**YOUR GOAL**
From the entries that follow, copy exactly the lines beginning at the line holding "Huawei P20 Lite" and continuing through the line holding "il Lago Keiler".

[DATASET RECORDS — start]

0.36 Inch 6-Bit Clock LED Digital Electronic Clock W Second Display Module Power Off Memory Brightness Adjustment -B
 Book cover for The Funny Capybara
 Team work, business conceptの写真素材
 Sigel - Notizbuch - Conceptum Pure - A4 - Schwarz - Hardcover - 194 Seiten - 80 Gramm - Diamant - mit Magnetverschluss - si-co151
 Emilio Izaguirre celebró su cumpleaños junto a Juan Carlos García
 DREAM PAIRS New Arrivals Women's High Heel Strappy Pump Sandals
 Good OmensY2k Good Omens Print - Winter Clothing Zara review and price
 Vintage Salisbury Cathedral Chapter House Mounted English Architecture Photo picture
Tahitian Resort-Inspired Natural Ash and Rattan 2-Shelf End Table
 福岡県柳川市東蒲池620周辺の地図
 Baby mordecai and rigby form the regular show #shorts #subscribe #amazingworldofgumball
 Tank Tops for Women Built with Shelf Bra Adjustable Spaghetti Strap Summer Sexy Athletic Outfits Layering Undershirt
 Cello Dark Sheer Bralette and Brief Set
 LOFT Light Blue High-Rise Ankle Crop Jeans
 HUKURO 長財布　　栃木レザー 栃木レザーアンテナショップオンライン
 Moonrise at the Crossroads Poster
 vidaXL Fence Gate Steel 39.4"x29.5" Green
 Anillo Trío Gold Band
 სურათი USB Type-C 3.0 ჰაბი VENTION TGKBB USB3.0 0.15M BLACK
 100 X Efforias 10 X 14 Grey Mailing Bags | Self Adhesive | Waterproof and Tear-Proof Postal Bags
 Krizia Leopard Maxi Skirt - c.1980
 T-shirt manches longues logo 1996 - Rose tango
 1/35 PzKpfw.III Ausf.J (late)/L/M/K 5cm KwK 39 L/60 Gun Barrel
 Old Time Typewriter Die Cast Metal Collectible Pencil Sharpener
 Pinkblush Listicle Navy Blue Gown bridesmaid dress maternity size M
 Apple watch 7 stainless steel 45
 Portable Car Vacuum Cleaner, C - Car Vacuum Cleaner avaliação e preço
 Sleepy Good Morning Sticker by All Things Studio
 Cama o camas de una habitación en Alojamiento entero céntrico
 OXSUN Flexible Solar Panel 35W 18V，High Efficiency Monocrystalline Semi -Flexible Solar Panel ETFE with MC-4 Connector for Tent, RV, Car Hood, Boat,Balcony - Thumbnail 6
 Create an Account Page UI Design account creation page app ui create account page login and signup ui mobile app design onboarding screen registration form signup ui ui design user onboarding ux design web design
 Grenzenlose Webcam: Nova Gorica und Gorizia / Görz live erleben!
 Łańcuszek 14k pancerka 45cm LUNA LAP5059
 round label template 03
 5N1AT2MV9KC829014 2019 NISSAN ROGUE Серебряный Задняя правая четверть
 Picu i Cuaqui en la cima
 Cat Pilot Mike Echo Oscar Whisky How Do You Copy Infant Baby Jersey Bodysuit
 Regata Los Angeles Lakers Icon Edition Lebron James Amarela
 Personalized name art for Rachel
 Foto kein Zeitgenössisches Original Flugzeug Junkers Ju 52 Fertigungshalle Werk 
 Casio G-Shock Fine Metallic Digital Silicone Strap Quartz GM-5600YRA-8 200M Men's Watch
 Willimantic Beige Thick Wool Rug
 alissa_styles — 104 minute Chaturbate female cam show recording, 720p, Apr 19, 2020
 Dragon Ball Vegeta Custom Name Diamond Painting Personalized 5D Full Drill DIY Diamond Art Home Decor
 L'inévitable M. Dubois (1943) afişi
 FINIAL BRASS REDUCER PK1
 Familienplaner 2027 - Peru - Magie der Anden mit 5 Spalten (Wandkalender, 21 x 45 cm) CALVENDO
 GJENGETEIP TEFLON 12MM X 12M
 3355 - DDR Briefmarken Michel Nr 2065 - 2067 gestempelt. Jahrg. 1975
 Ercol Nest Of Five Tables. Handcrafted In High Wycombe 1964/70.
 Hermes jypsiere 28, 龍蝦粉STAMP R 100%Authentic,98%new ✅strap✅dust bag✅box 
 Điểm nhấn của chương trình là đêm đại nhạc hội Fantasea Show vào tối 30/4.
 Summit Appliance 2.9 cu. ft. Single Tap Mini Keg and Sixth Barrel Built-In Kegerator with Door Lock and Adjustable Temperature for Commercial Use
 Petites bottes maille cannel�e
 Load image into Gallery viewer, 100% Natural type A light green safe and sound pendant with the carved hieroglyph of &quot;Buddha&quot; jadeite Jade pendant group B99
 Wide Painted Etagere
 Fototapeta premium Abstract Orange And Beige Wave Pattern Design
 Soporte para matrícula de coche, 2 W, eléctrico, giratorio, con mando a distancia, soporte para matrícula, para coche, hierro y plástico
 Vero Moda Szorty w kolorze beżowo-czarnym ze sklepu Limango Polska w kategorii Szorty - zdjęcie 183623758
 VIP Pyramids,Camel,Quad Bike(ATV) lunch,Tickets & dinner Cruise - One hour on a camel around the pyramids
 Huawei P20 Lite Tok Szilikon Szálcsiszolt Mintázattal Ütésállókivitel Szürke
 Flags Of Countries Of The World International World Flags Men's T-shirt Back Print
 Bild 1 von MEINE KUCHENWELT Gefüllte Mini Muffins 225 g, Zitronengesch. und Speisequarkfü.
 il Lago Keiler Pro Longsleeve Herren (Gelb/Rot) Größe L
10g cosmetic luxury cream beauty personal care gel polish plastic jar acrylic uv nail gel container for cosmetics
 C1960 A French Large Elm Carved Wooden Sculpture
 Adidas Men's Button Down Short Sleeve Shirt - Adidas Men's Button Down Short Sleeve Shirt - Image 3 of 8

[DATASET RECORDS — finish]

**PROBLEM SOLUTION**
 Huawei P20 Lite Tok Szilikon Szálcsiszolt Mintázattal Ütésállókivitel Szürke
 Flags Of Countries Of The World International World Flags Men's T-shirt Back Print
 Bild 1 von MEINE KUCHENWELT Gefüllte Mini Muffins 225 g, Zitronengesch. und Speisequarkfü.
 il Lago Keiler Pro Longsleeve Herren (Gelb/Rot) Größe L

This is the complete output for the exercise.